_Task prompt:_ When you write out the material, keep every line exactly as it is.

_Records for the exercise:_
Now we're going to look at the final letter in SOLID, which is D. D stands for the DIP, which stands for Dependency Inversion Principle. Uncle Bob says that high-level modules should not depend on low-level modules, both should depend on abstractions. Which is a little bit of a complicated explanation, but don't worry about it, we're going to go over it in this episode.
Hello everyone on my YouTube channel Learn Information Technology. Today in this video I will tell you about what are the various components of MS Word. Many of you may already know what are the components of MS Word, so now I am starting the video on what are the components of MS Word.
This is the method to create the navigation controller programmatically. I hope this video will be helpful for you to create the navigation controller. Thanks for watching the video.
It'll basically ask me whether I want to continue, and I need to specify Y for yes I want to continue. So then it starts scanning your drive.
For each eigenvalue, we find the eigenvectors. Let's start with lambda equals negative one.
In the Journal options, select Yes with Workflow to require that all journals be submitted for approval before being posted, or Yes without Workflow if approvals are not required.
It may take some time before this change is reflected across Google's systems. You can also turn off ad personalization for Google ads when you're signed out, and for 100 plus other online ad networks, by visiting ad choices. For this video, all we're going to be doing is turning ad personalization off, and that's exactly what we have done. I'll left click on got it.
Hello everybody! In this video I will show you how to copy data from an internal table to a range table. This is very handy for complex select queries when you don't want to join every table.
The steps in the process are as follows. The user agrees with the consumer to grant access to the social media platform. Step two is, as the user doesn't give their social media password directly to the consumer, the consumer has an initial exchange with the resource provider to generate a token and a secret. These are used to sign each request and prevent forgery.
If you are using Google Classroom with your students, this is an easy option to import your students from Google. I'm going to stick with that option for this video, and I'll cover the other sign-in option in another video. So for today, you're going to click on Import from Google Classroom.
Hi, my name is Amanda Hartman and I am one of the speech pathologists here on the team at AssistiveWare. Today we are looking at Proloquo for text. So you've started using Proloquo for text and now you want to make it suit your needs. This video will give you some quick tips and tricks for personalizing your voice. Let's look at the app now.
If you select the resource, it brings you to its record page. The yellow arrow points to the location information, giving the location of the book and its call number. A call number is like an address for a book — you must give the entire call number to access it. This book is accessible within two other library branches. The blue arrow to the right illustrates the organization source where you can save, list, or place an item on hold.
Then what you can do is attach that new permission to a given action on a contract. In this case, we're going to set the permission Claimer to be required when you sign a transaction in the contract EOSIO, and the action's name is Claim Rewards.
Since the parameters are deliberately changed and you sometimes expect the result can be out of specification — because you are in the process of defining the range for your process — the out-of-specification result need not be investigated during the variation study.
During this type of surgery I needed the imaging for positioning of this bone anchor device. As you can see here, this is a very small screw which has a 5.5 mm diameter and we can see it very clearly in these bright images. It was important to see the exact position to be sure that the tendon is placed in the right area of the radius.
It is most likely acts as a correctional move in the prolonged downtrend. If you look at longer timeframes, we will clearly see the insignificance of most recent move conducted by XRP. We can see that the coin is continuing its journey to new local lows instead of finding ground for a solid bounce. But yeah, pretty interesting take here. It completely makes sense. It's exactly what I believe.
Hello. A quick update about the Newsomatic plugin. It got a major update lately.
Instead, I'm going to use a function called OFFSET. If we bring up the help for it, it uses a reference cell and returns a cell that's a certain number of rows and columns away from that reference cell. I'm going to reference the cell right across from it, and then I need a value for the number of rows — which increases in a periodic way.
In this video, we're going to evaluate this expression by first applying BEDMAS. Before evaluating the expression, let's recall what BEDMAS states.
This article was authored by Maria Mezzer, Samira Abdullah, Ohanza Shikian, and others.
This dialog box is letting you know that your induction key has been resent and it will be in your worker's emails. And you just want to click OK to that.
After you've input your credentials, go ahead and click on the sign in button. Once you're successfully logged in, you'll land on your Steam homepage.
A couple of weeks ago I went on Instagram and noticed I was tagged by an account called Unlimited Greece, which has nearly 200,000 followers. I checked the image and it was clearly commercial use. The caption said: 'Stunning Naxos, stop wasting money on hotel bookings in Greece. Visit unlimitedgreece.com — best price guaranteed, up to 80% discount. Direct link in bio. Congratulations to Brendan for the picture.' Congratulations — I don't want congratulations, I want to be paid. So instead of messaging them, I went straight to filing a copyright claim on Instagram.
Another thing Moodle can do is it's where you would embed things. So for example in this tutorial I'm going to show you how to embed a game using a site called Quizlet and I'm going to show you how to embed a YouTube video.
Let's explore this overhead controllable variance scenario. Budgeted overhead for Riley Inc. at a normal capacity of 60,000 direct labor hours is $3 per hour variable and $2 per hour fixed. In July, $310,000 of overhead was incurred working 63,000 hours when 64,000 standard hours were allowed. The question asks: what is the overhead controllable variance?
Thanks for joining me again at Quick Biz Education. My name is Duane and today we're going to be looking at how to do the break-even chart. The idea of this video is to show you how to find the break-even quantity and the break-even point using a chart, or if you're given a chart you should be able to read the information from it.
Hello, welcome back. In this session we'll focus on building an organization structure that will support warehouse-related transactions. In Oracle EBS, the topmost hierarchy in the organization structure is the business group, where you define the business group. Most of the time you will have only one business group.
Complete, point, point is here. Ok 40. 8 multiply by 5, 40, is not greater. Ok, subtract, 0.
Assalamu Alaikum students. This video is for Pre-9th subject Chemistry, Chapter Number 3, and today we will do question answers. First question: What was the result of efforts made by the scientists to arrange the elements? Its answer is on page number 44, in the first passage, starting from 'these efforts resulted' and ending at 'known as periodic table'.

_Result below:_
Now we're going to look at the final letter in SOLID, which is D. D stands for the DIP, which stands for Dependency Inversion Principle. Uncle Bob says that high-level modules should not depend on low-level modules, both should depend on abstractions. Which is a little bit of a complicated explanation, but don't worry about it, we're going to go over it in this episode.
Hello everyone on my YouTube channel Learn Information Technology. Today in this video I will tell you about what are the various components of MS Word. Many of you may already know what are the components of MS Word, so now I am starting the video on what are the components of MS Word.
This is the method to create the navigation controller programmatically. I hope this video will be helpful for you to create the navigation controller. Thanks for watching the video.
It'll basically ask me whether I want to continue, and I need to specify Y for yes I want to continue. So then it starts scanning your drive.
For each eigenvalue, we find the eigenvectors. Let's start with lambda equals negative one.
In the Journal options, select Yes with Workflow to require that all journals be submitted for approval before being posted, or Yes without Workflow if approvals are not required.
It may take some time before this change is reflected across Google's systems. You can also turn off ad personalization for Google ads when you're signed out, and for 100 plus other online ad networks, by visiting ad choices. For this video, all we're going to be doing is turning ad personalization off, and that's exactly what we have done. I'll left click on got it.
Hello everybody! In this video I will show you how to copy data from an internal table to a range table. This is very handy for complex select queries when you don't want to join every table.
The steps in the process are as follows. The user agrees with the consumer to grant access to the social media platform. Step two is, as the user doesn't give their social media password directly to the consumer, the consumer has an initial exchange with the resource provider to generate a token and a secret. These are used to sign each request and prevent forgery.
If you are using Google Classroom with your students, this is an easy option to import your students from Google. I'm going to stick with that option for this video, and I'll cover the other sign-in option in another video. So for today, you're going to click on Import from Google Classroom.
Hi, my name is Amanda Hartman and I am one of the speech pathologists here on the team at AssistiveWare. Today we are looking at Proloquo for text. So you've started using Proloquo for text and now you want to make it suit your needs. This video will give you some quick tips and tricks for personalizing your voice. Let's look at the app now.
If you select the resource, it brings you to its record page. The yellow arrow points to the location information, giving the location of the book and its call number. A call number is like an address for a book — you must give the entire call number to access it. This book is accessible within two other library branches. The blue arrow to the right illustrates the organization source where you can save, list, or place an item on hold.
Then what you can do is attach that new permission to a given action on a contract. In this case, we're going to set the permission Claimer to be required when you sign a transaction in the contract EOSIO, and the action's name is Claim Rewards.
Since the parameters are deliberately changed and you sometimes expect the result can be out of specification — because you are in the process of defining the range for your process — the out-of-specification result need not be investigated during the variation study.
During this type of surgery I needed the imaging for positioning of this bone anchor device. As you can see here, this is a very small screw which has a 5.5 mm diameter and we can see it very clearly in these bright images. It was important to see the exact position to be sure that the tendon is placed in the right area of the radius.
It is most likely acts as a correctional move in the prolonged downtrend. If you look at longer timeframes, we will clearly see the insignificance of most recent move conducted by XRP. We can see that the coin is continuing its journey to new local lows instead of finding ground for a solid bounce. But yeah, pretty interesting take here. It completely makes sense. It's exactly what I believe.
Hello. A quick update about the Newsomatic plugin. It got a major update lately.
Instead, I'm going to use a function called OFFSET. If we bring up the help for it, it uses a reference cell and returns a cell that's a certain number of rows and columns away from that reference cell. I'm going to reference the cell right across from it, and then I need a value for the number of rows — which increases in a periodic way.
In this video, we're going to evaluate this expression by first applying BEDMAS. Before evaluating the expression, let's recall what BEDMAS states.
This article was authored by Maria Mezzer, Samira Abdullah, Ohanza Shikian, and others.
This dialog box is letting you know that your induction key has been resent and it will be in your worker's emails. And you just want to click OK to that.
After you've input your credentials, go ahead and click on the sign in button. Once you're successfully logged in, you'll land on your Steam homepage.
A couple of weeks ago I went on Instagram and noticed I was tagged by an account called Unlimited Greece, which has nearly 200,000 followers. I checked the image and it was clearly commercial use. The caption said: 'Stunning Naxos, stop wasting money on hotel bookings in Greece. Visit unlimitedgreece.com — best price guaranteed, up to 80% discount. Direct link in bio. Congratulations to Brendan for the picture.' Congratulations — I don't want congratulations, I want to be paid. So instead of messaging them, I went straight to filing a copyright claim on Instagram.
Another thing Moodle can do is it's where you would embed things. So for example in this tutorial I'm going to show you how to embed a game using a site called Quizlet and I'm going to show you how to embed a YouTube video.
Let's explore this overhead controllable variance scenario. Budgeted overhead for Riley Inc. at a normal capacity of 60,000 direct labor hours is $3 per hour variable and $2 per hour fixed. In July, $310,000 of overhead was incurred working 63,000 hours when 64,000 standard hours were allowed. The question asks: what is the overhead controllable variance?
Thanks for joining me again at Quick Biz Education. My name is Duane and today we're going to be looking at how to do the break-even chart. The idea of this video is to show you how to find the break-even quantity and the break-even point using a chart, or if you're given a chart you should be able to read the information from it.
Hello, welcome back. In this session we'll focus on building an organization structure that will support warehouse-related transactions. In Oracle EBS, the topmost hierarchy in the organization structure is the business group, where you define the business group. Most of the time you will have only one business group.
Complete, point, point is here. Ok 40. 8 multiply by 5, 40, is not greater. Ok, subtract, 0.
Assalamu Alaikum students. This video is for Pre-9th subject Chemistry, Chapter Number 3, and today we will do question answers. First question: What was the result of efforts made by the scientists to arrange the elements? Its answer is on page number 44, in the first passage, starting from 'these efforts resulted' and ending at 'known as periodic table'.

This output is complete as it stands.